Sem reforma da Justiça, nossa realidade não mudará

Ricardo Froes

Bem a propósito do que escreveu aqui na Tribuna da Internet o comentarista De Pinho, o Globo publicou uma reportagem de José Casado falando sobre o caos da nossa Justiça, principalmente sobre o excesso de recursos judiciais, a principal causa dos os tribunais estarem com um estoque de mais de 70 milhões de casos sem decisão, em meio a mais de 100 milhões ações pendentes. Dá uma para cada dois brasileiros.

O Judiciário brasileiro, com seus 17 mil juízes, produzindo em média quatro sentenças por dia cada um, não consegue resolver mais do que três em cada dez processos pendentes – sempre passíveis de recursos.
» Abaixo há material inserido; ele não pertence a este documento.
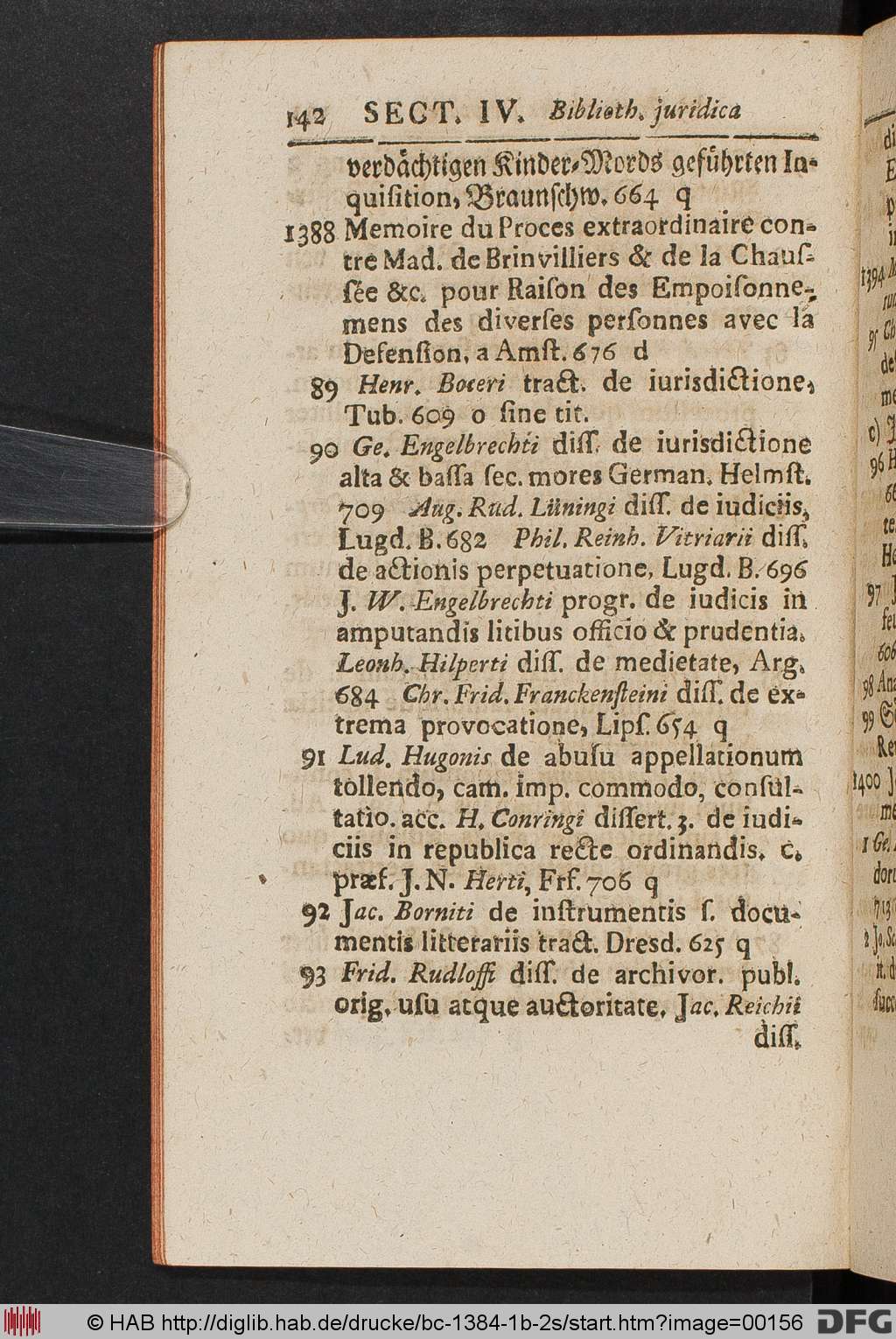 http://diglib.hab.de/drucke/bc-1384-1b-2s/00156.jpg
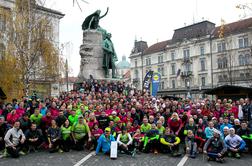 Lidl Slovenija v brkatem mesecu zbral skoraj 13.000 evrov za UKC Ljubljana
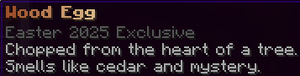 WoodEggLore.png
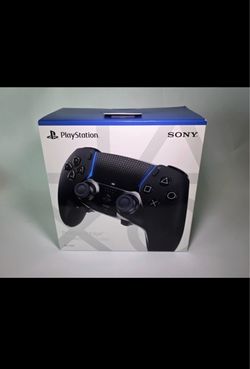 PlayStation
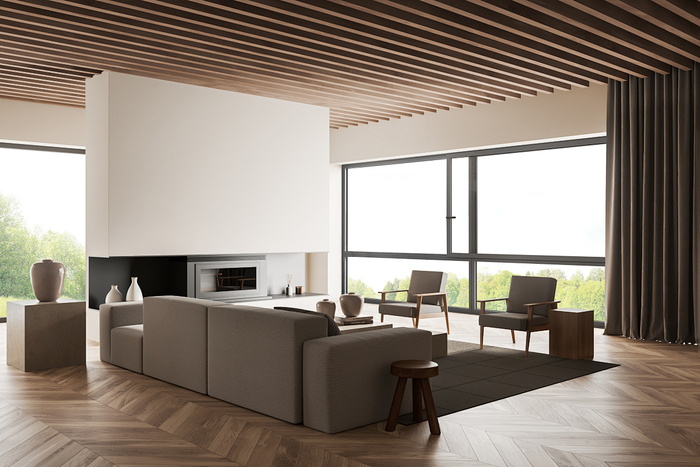 江西静阁侧移窗,侧移门窗厂家,侧移窗招商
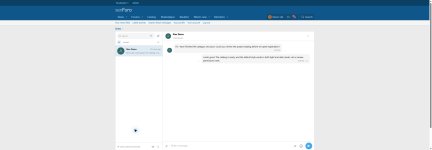 04-conversation.jpg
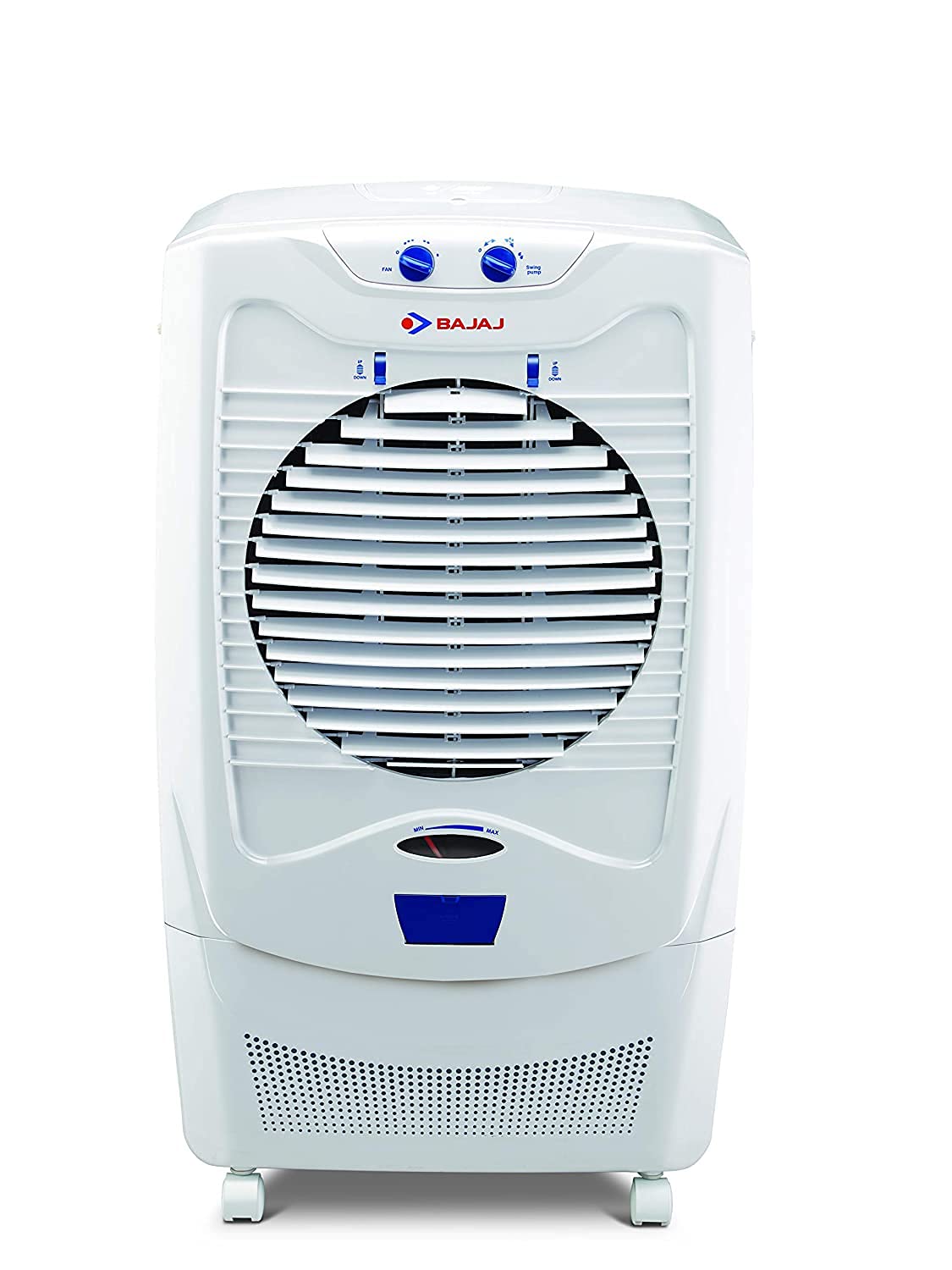 Bajaj Air Cooler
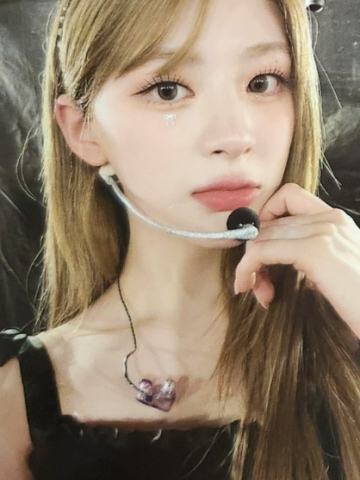 teenfresh世巡DVD 森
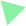 ელიტ აუდიტი, eaudit.ge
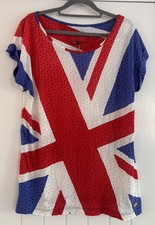 Next Women’s Geri Halliwell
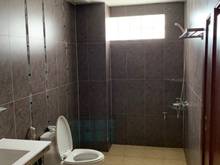 Hình ảnh Cho thuê nhà nguyên căn hẻm xe tải 182/10C Lê Văn Sỹ, p10, Phú Nhuận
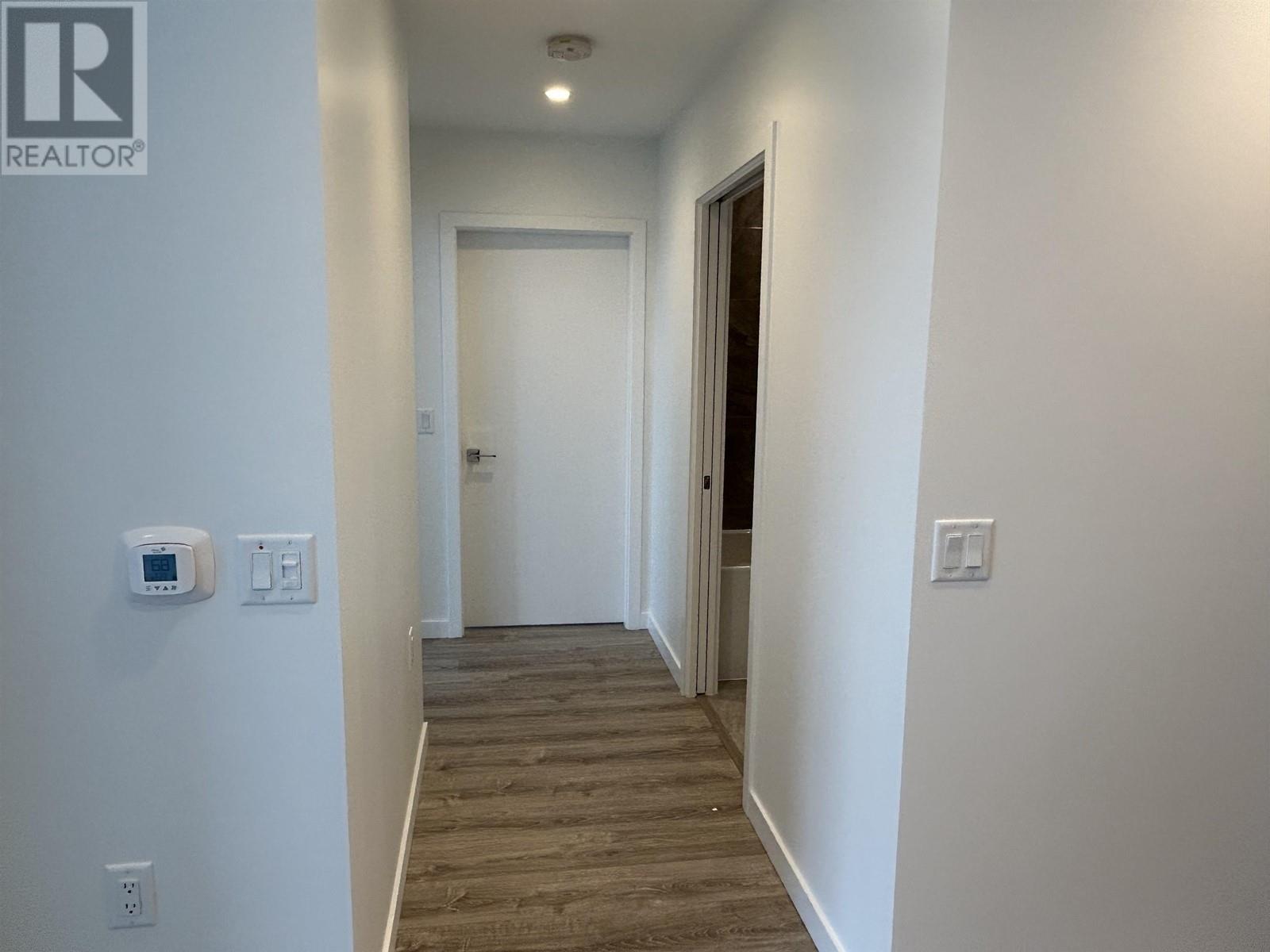 1306 680 Quayside Drive, New Westminster, British Columbia  V3M 0P2 - Photo 26 - R2956604
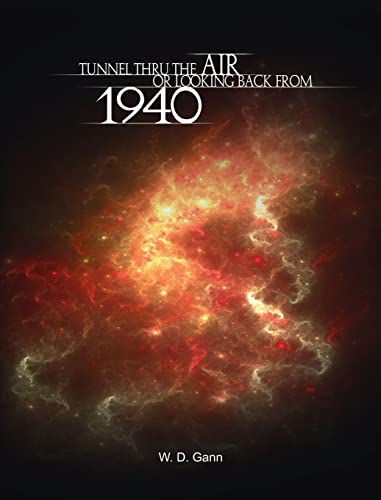 Amazon.com.br: W. D. Gann: livros, biografia, última atualização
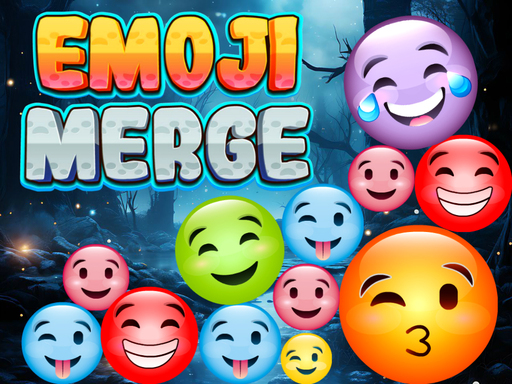 Fusion d’émojis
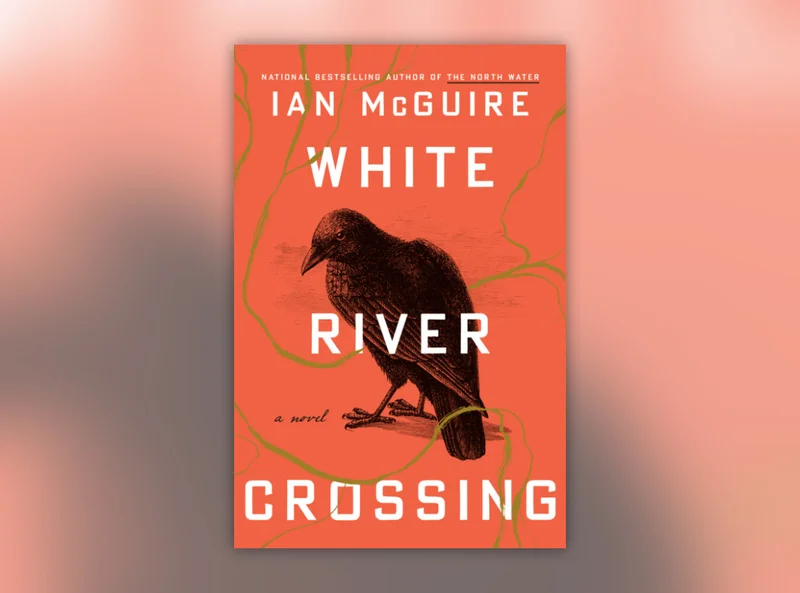 White River Crossing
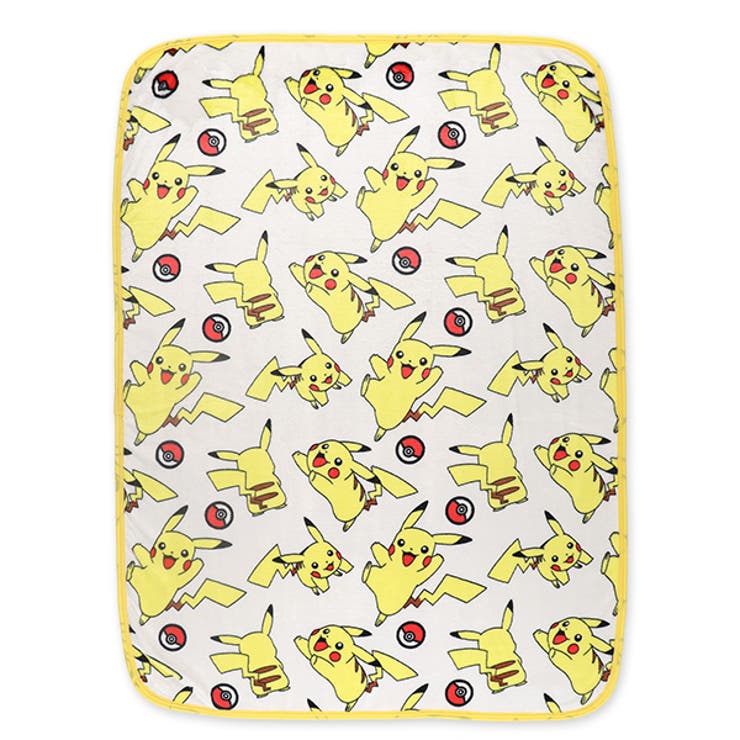 あったかベビー毛布 品番 Nmyk 西松屋 ニシマツヤ のキッズファッション通販 Shoplist ショップリスト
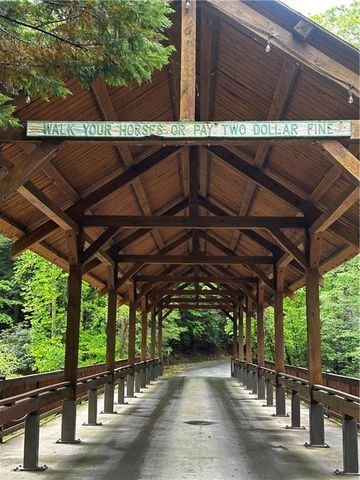 00 Lazy River Lane, Ellijay, GA 30540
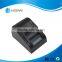 58mm Computer desktop pos thermal receipt printer, POS receipt printer, mini thermal printer support android system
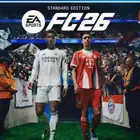 لعبة فيفا 26 للاجهزه المهكره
Só nos últimos 12 meses foram 30 milhões de processos novos.

Copie e entre neste link:4.bp.blogspot.com/-K4h6Kum_TCI/VapHDqYyjOI/AAAAAAAATN8/RZzz5smE_Fc/s1600/embargos.jpg

A imagem linkada não nos deixa mentir e ilustra bem a “extravagância jurídica” – para não dizer palhaçada – que ficou o Recurso Especial 0142548-2:Embargos de declaração nos embargos de declaração nos embargos de declaração no agravo regimental no recurso extraordinário nos embargos de declaração nos embargos de declaração nos embargos de declaração no agravo regimental no recurso especial.”

No sistema eletrônico do tribunal, onde cada ação é classificada por abreviaturas da respectiva categoria processual, o troço ficou registrado da seguinte forma: “EDcl nos EDcl nos EDcl no AgRg no RE nos EDcl nos EDcl nos EDcl no AgRg no Recurso Especial”.

Parece piada… e é!

E volto a dizer que enquanto não for feita uma reformulação geral nesse sistema judiciário propositalmente complicado, feito de maneira a encher os bolsos de advogados e postergar ad eternum as decisões contrárias aos poderosos, nem Executivo nem Legislativo vão entrar nos eixos. Façam-se as reformas que fizerem nestes dois poderes, elas não vão passar de perfumaria se a Justiça não desentortar.

3 thoughts on “Sem reforma da Justiça, nossa realidade não mudará

  1. Muito bem argumentado e oportuno o artigo.
    A reforma terá que ser feita por NÃO advogados e tambem NÃO juízes. Sempre que se argumenta algum defeito do judiciário, ambos tem uma série de argumentos para que tudo permaneça como está.
    Acredito que se a sociedade não se organizar para uma mudança radical e completa, em poucos anos os cidadãos passarão a exercer a “justiça com as próprias mãos”, o que tambem não condiz com a civilidade necessária ao convívio social.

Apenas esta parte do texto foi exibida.